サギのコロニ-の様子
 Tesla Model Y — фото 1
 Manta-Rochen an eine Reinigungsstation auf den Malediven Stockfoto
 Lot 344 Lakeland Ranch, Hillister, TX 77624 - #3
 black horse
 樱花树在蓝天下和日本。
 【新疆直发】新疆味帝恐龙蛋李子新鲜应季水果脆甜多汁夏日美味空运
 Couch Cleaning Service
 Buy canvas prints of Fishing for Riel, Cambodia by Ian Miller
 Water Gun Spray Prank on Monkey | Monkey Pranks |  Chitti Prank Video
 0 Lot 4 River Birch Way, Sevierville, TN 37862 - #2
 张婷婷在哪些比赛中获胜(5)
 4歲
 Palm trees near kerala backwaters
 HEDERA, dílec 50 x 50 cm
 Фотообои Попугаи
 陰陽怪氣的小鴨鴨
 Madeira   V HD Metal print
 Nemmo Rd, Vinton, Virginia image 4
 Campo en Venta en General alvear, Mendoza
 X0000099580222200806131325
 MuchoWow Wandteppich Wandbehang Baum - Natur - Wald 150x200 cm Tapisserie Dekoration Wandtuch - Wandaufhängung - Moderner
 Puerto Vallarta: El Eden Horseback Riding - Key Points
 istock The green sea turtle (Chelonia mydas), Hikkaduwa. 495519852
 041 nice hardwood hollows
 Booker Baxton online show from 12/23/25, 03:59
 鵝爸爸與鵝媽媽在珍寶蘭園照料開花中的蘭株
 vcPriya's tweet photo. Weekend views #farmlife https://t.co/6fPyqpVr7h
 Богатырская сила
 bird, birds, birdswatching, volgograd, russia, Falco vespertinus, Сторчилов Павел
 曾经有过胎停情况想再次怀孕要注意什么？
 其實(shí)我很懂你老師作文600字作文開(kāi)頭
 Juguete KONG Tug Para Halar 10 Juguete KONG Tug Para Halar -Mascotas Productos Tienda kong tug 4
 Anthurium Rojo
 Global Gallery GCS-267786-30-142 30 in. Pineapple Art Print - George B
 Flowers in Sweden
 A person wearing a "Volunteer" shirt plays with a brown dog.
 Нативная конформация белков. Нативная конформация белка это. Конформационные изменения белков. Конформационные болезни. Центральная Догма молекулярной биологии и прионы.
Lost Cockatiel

#####

:: Exercise goal ::
Type the material above out again, exactly.

:: Answer ::
サギのコロニ-の様子
 Tesla Model Y — фото 1
 Manta-Rochen an eine Reinigungsstation auf den Malediven Stockfoto
 Lot 344 Lakeland Ranch, Hillister, TX 77624 - #3
 black horse
 樱花树在蓝天下和日本。
 【新疆直发】新疆味帝恐龙蛋李子新鲜应季水果脆甜多汁夏日美味空运
 Couch Cleaning Service
 Buy canvas prints of Fishing for Riel, Cambodia by Ian Miller
 Water Gun Spray Prank on Monkey | Monkey Pranks |  Chitti Prank Video
 0 Lot 4 River Birch Way, Sevierville, TN 37862 - #2
 张婷婷在哪些比赛中获胜(5)
 4歲
 Palm trees near kerala backwaters
 HEDERA, dílec 50 x 50 cm
 Фотообои Попугаи
 陰陽怪氣的小鴨鴨
 Madeira   V HD Metal print
 Nemmo Rd, Vinton, Virginia image 4
 Campo en Venta en General alvear, Mendoza
 X0000099580222200806131325
 MuchoWow Wandteppich Wandbehang Baum - Natur - Wald 150x200 cm Tapisserie Dekoration Wandtuch - Wandaufhängung - Moderner
 Puerto Vallarta: El Eden Horseback Riding - Key Points
 istock The green sea turtle (Chelonia mydas), Hikkaduwa. 495519852
 041 nice hardwood hollows
 Booker Baxton online show from 12/23/25, 03:59
 鵝爸爸與鵝媽媽在珍寶蘭園照料開花中的蘭株
 vcPriya's tweet photo. Weekend views #farmlife https://t.co/6fPyqpVr7h
 Богатырская сила
 bird, birds, birdswatching, volgograd, russia, Falco vespertinus, Сторчилов Павел
 曾经有过胎停情况想再次怀孕要注意什么？
 其實(shí)我很懂你老師作文600字作文開(kāi)頭
 Juguete KONG Tug Para Halar 10 Juguete KONG Tug Para Halar -Mascotas Productos Tienda kong tug 4
 Anthurium Rojo
 Global Gallery GCS-267786-30-142 30 in. Pineapple Art Print - George B
 Flowers in Sweden
 A person wearing a "Volunteer" shirt plays with a brown dog.
 Нативная конформация белков. Нативная конформация белка это. Конформационные изменения белков. Конформационные болезни. Центральная Догма молекулярной биологии и прионы.
Lost Cockatiel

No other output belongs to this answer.